(Problem statement): Output exactly, in the material below, the lines from the one with "X0000087000286200705071512" through the one with "Josh Carter checks". Omit all pictures.

==*==

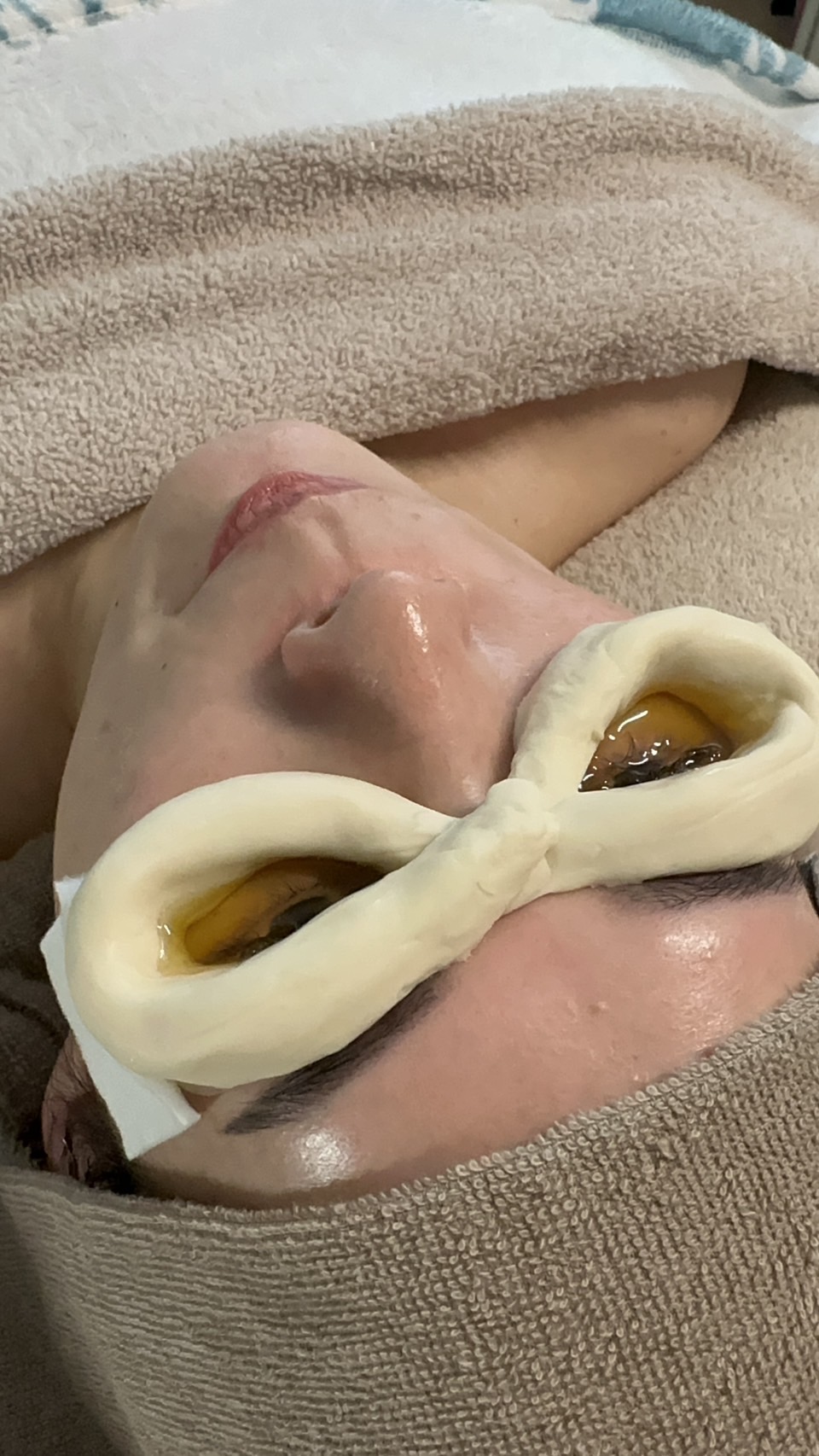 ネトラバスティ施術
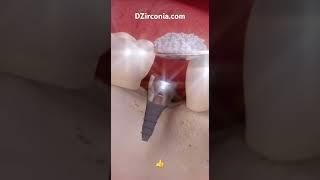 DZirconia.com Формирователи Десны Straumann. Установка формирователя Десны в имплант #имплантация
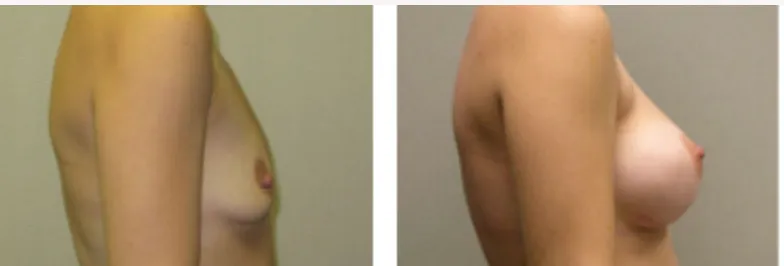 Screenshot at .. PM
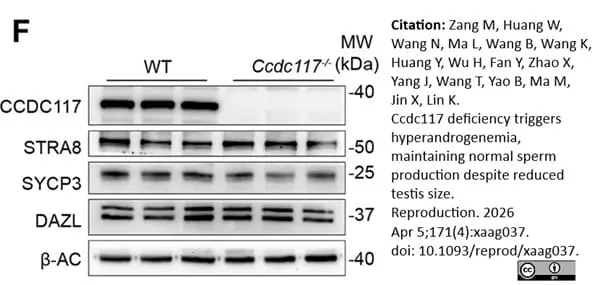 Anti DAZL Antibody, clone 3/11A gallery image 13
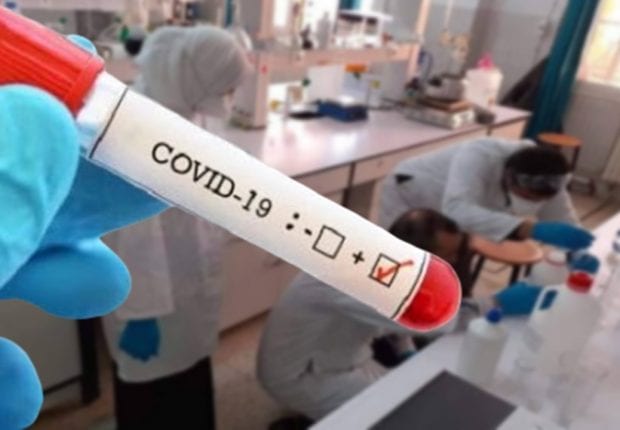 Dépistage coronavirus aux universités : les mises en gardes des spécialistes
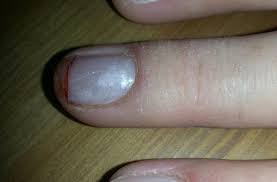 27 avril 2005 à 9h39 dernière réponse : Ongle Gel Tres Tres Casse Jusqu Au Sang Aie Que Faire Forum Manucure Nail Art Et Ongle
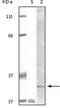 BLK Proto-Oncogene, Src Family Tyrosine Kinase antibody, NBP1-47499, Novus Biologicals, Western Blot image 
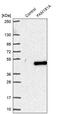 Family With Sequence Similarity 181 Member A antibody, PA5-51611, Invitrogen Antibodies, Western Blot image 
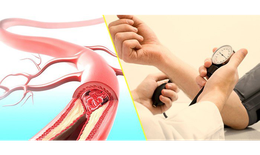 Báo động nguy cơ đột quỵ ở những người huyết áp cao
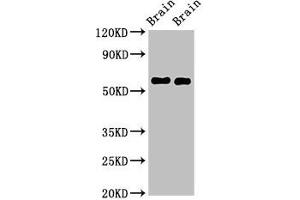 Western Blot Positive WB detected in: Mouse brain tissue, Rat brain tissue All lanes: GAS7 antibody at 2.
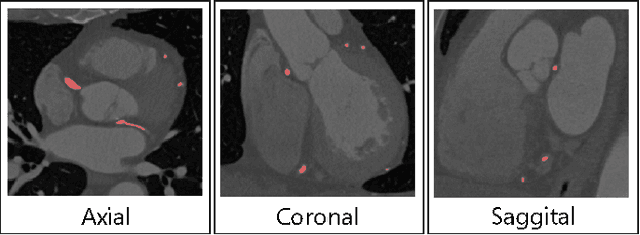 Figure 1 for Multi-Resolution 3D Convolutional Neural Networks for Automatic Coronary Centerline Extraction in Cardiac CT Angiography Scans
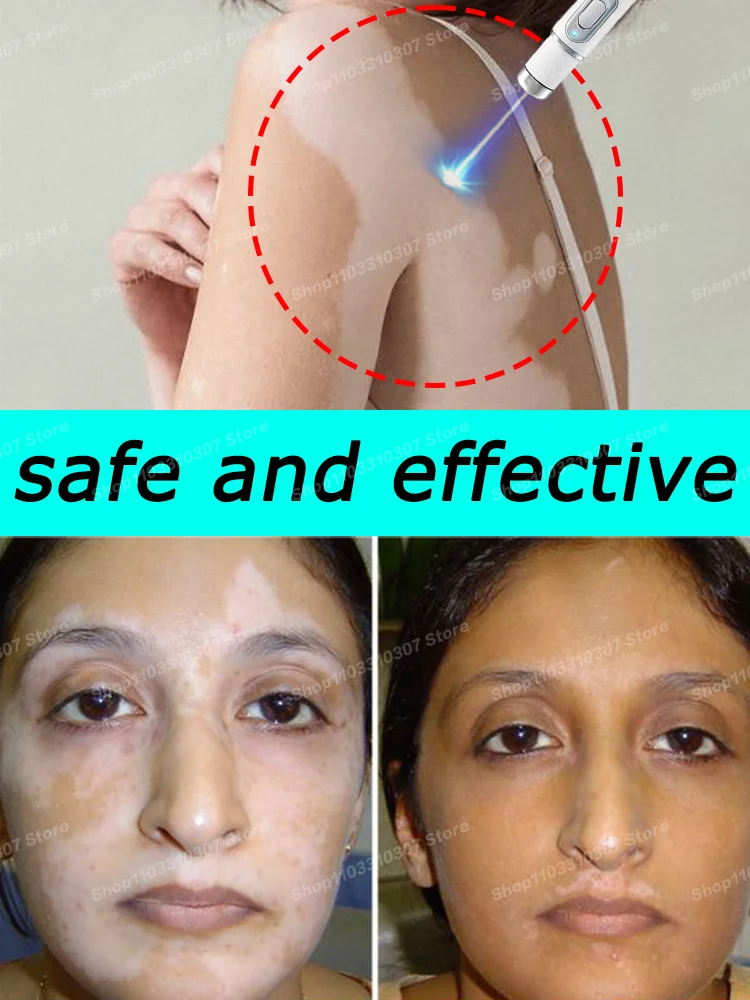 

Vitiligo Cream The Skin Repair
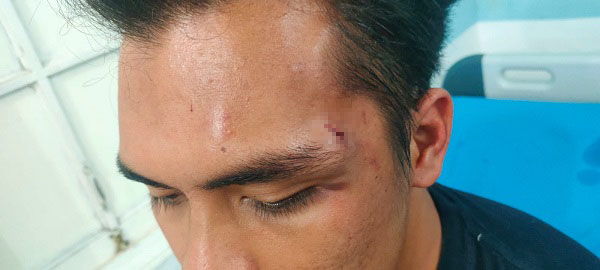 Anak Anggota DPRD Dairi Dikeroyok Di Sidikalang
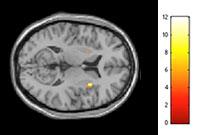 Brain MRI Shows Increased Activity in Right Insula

==*==

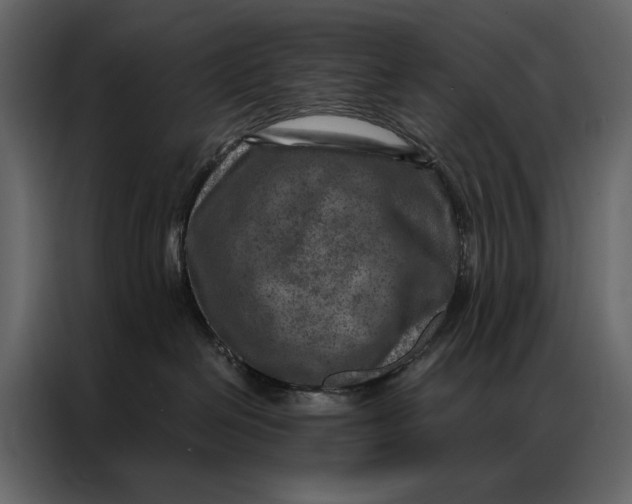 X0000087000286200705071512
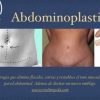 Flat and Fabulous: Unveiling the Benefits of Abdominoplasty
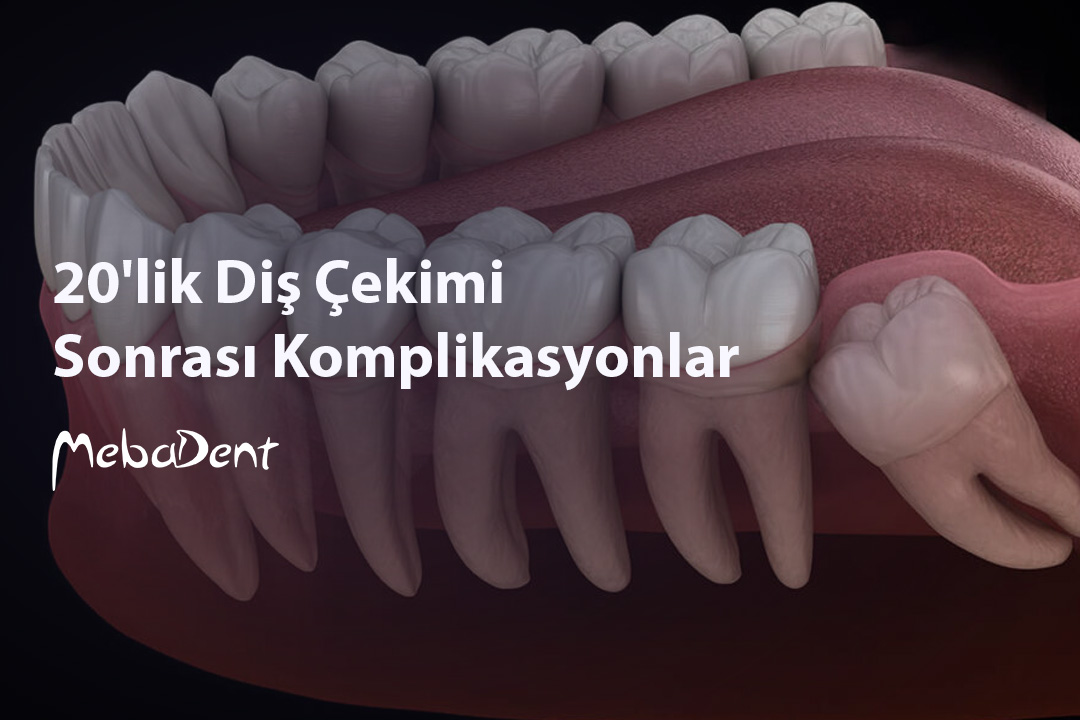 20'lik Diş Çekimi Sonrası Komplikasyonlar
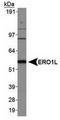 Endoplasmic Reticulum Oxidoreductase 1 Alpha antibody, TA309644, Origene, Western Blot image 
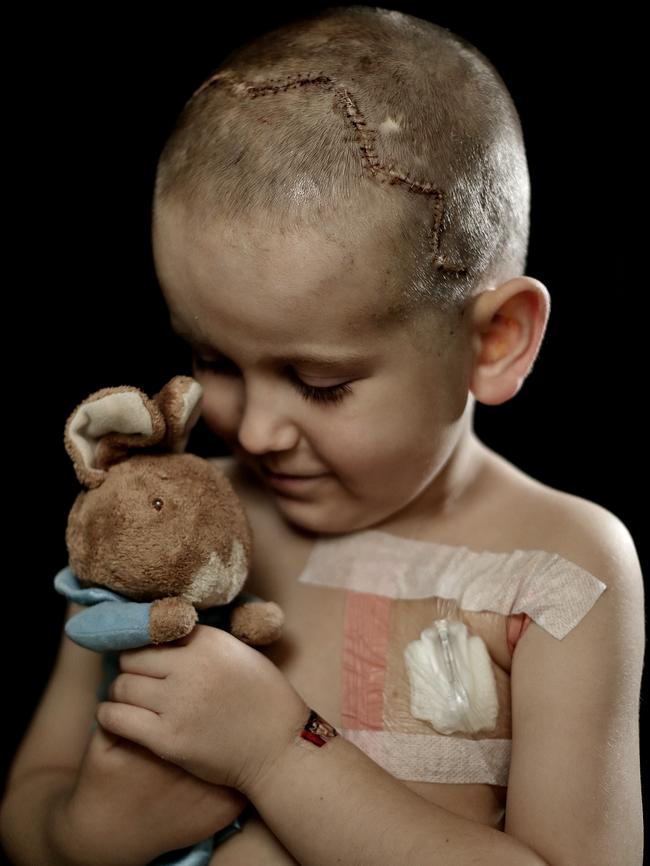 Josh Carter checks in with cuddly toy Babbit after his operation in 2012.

==*==

(Solved problem):
 X0000087000286200705071512
 Flat and Fabulous: Unveiling the Benefits of Abdominoplasty
 20'lik Diş Çekimi Sonrası Komplikasyonlar
 Endoplasmic Reticulum Oxidoreductase 1 Alpha antibody, TA309644, Origene, Western Blot image 
 Josh Carter checks in with cuddly toy Babbit after his operation in 2012.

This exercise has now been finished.